Afro-Latinos celebrate "Black History Month" and "Cinco-de-Mayo"

Afro-Latinos in New York celebrate with a multi-media arts show.

Olmec figure with African features
NEW YORK, NY -- Many historians use the term “Afro-Latino” when describing a Latino whose ancestral roots are tied to Black Africans, even partially.  As Europeans colonized the Americas in the 15th and 16th Centuries, they brought thousands of slaves from Africa thus, Afro-Latinos can be found throughout Mexico, the Caribbean, Central and South America.  However, there is also a different school of thought that argues the indigenous peoples of the Americas already had trade with Africans, long before the colonists arrived, and the cultural influence can be found especially among Olmec art and sculptures.

Afro-Latino multimedia arts exhibit
Today, many Afro-Latinos in the United States enjoy the freedom of celebrating the two cultures, which many see as one, while others choose to identify with one or the other.  Being "Black History Month," the Afro-Latino American Crossroads, a multimedia arts show, celebrated both cultures through live music, painting and poetry performances as well as a traditional blessing ritual.
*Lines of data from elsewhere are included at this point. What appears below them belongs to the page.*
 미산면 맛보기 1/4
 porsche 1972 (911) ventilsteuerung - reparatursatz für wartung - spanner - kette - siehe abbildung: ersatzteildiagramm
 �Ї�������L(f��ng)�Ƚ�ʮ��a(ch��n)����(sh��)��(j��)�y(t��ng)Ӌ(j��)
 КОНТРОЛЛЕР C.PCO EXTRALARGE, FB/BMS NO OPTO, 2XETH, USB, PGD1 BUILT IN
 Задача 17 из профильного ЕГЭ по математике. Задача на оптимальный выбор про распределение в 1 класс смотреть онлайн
It took place February 16th through February 25th, at the Clemente Soto Velez Cultural & Educational Center - Abrazo Interno Gallery in NYC.
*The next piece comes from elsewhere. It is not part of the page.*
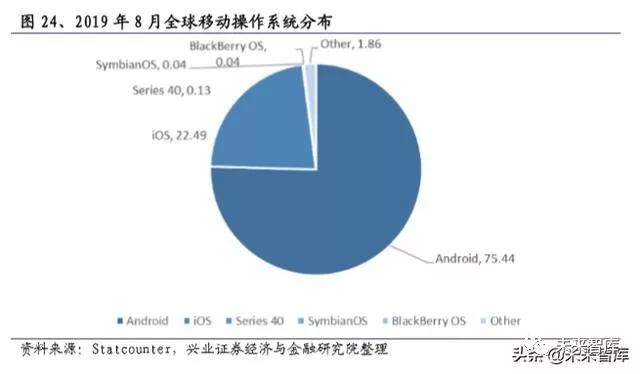 国产操作系统浮沉录：半个世纪的演进史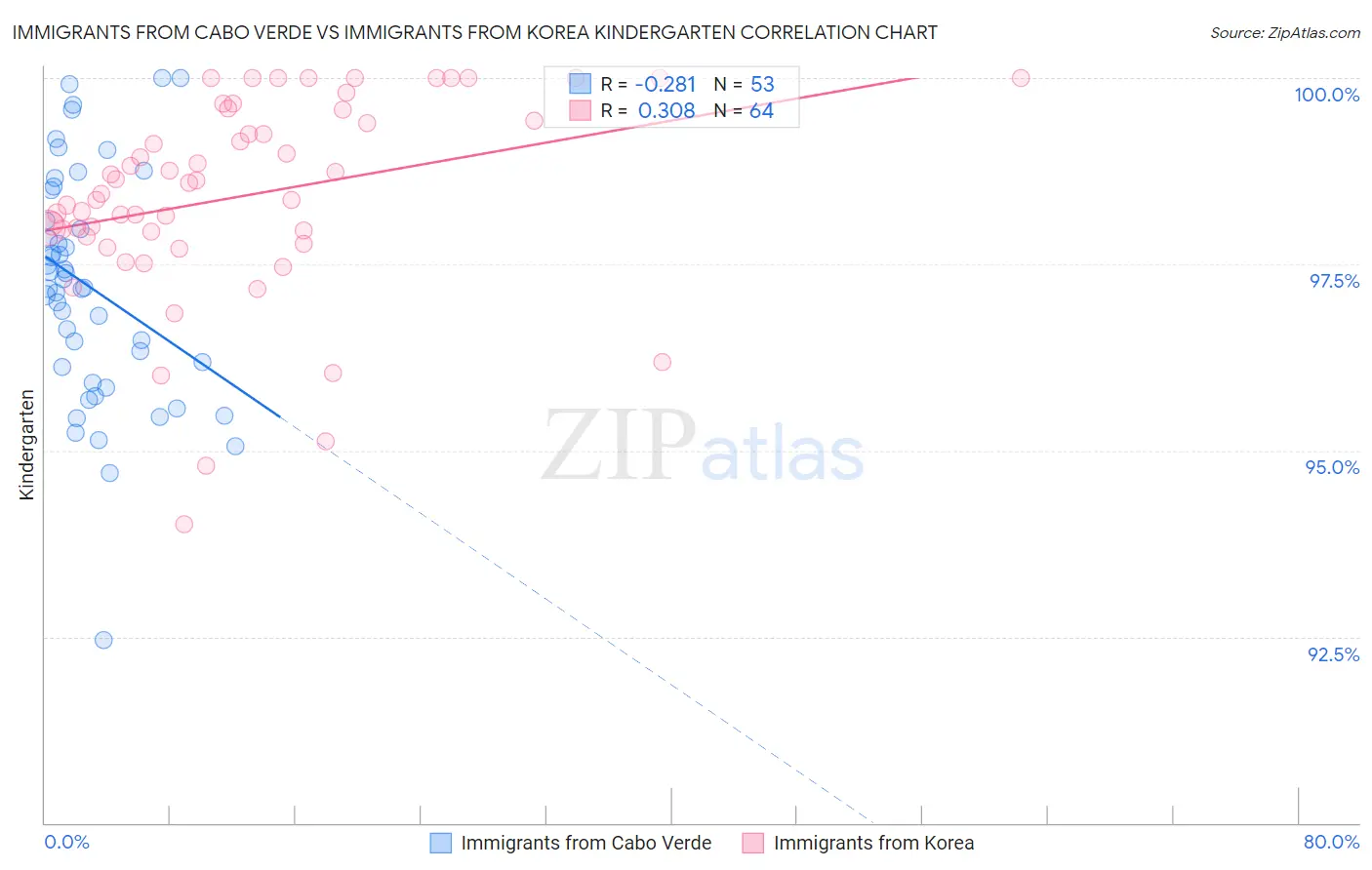 Immigrants from Cabo Verde vs Immigrants from Korea Kindergarten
Angel Rodriguez and Mia Roman Hernandez
The exhibit was a Cultural Introspection Into the Afro-Latino American Diaspora through the arts in all mediums including but not limited to music, handcrafts, altars, visual arts in 2d and 3d, live performances, video, poetry and a tasting of cultural foods. The exhibit’s multimedia installation linked Afro-Latino she-roes & heroes with a traditional ancestor worship of the Afro-Latinos within the diaspora.

Carmen Mojica Fabian
The exhibit depicted the diversity of the Afro-Latino diaspora and its rich and colorful history. Politics, religion, culture, and tradition were some of the subjects expressed and conveyed through the arts. The object of the exhibit was to bring the community together and share the rich history and values of the Afro-Latino diaspora while paying homage to Afro-Latino ancestors that fought so bravely and created the history.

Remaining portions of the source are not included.